Traiter les binômes de souffrance

On les appelle les « binômes de souffrance ». Ils traduisent l’incapacité collective d’une organisation à changer. Comment les traiter en tant que coach ?

On les appelle les « binômes de souffrance ». 

Ils traduisent l’incapacité collective d’une organisation à changer. Comment les traiter en tant que coach ?


D’abord, les reconnaître.


C’est facile pour le binôme pétérisation – prématuration : un chef en limite de compétence (principe de Peter) qui surcharge ses collaborateurs de tâches qui le dépassent.


Ces collaborateurs confient vite au coach leur épuisement et leur sentiment d’injustice : « ce n’est pas à moi de faire tout ça ».


De même, le binôme bouc émissaire - victime se reconnaît de loin. La tête de Turc d’un service est malmenée par certains, plainte par d’autres et connue de tous.


En revanche, le binôme de protection mutuelle (deux collègues dont chacun couvre les lacunes de l’autre) demande plus de métier. Mais on y arrive !


Traiter ces binômes de souffrance, c’est d’abord éviter deux écueils :


▪️ disqualifier les protagonistes : ils sont le symptôme, et non la cause, de la difficulté du système à s’adapter au changement.

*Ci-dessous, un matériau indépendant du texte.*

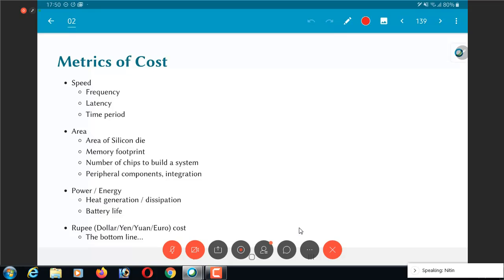There could be other things like the yield, the longevity of the system, how long is it going to last. Various other things can also figure in the actual metrics of cost that you are interested. The important point is, these are typically not always, but in many cases, they are not orthogonal to each other, meaning that you cannot actually always just optimize one independent of the other.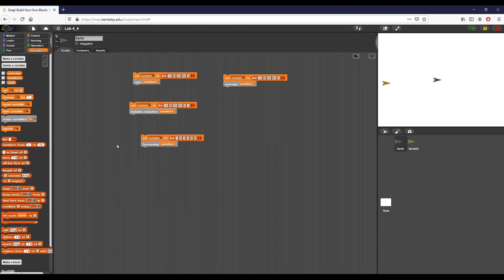And so that is going to be part two of lab 4.4. We will have several more parts just to kind of go through in depth all the different parts of our lab, but that is how you create the includes negative block and the increasing block. Thank you.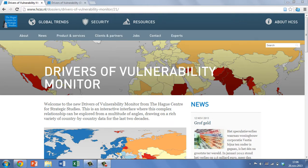Welcome to the new Drivers of Vulnerability Monitor from the Hague Centre for Strategic Studies. This monitor combines over 50 drivers of vulnerability to interstate conflict, drawing together data from over two decades for around 200 countries.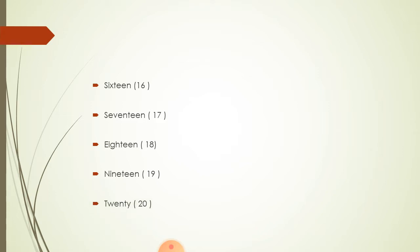20. T-W-E-N-T-Y. 20. So here, we have already a number 10 and we have added 6 more numbers on that and become 16.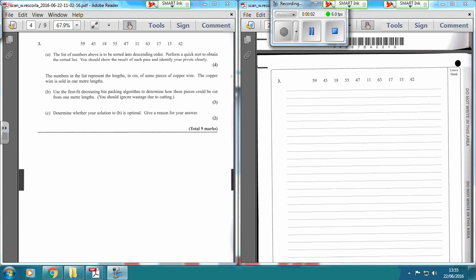Okay, the third one. The list of numbers above is to be sorted into descending order — I always put them into ascending order. Perform a quick sort to obtain the sorted list. You should show the result of each pass and identify your pivots clearly.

▪️ chercher des coupables : on renforce les binômes et on rigidifie le système.


Or, l’objectif est au contraire de retrouver un fonctionnement collectif axé sur la coopération.

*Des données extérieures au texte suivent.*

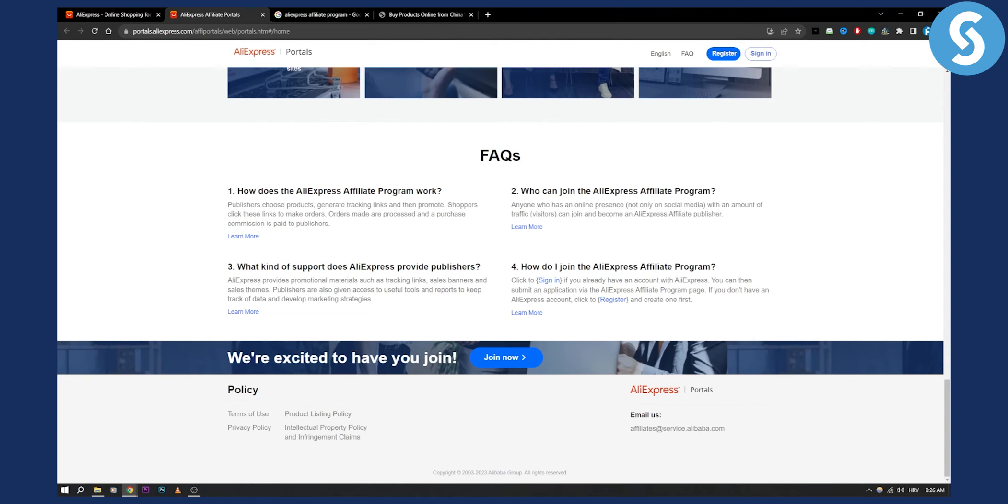So yeah, that's basically how you can sign up for AliExpress affiliate program. If you have any questions or comments, comment down below and we'll see you in the next video.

Aussi, je privilégie le décalage assumé : forcer le trait, pousser les comportements problématiques à l’extrême pour en révéler l’absurdité.


Quelques exemples :


▪️ demander au collaborateur impliqué dans un dysfonctionnement des suggestions pour aggraver encore la situation.


▪️ dire à celui qui vous confie « je suis nul » qu’il est en deçà de la réalité et qu’il doit trouver un mot plus juste pour la décrire.

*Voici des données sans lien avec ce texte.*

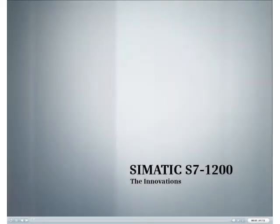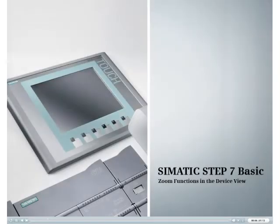Discover the new Simatic S7-1200 innovations. This podcast shows you how you can reach your goal even faster with Step 7 Basic.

▪️ proposer à l’équipe qui vit dans la plainte récurrente d’imaginer chaque jour dix nouveaux motifs de griefs.


Cette stratégie ridiculise les comportements, jamais les personnes. Et l’humour aide à dépasser les tensions au lieu de les cristalliser.


J’utilise aussi trois recadrages très puissants :


▪️ le recadrage de perception : par exemple, apprendre à lire les situations en écoutant, et pas seulement en observant. Plus on active de capteurs, plus on enrichit sa vision du monde.


▪️ le recadrage de contexte : exemple, apprendre à celui qui énonce à chacun ses quatre vérités qu’il y a des moments et des lieux pour le faire.


On ne se prive pas de sa lucidité et de sa capacité d’analyse, mais on les déporte sur un terrain moins miné.


▪️ le recadrage de sens : ne pas prendre contre soi des signaux qui ne vous sont pas destinés.


Je pense à ce patron qui fronçait toujours les sourcils dans l’ascenseur, ce qui mettait les collaborateurs présents mal à l’aise. Or, il n’avait aucune intention hostile. Juste une intolérance à la lumière trop crue de la cabine… 


Enfin, traiter un binôme de souffrance implique de bien cibler le système sur lequel intervenir.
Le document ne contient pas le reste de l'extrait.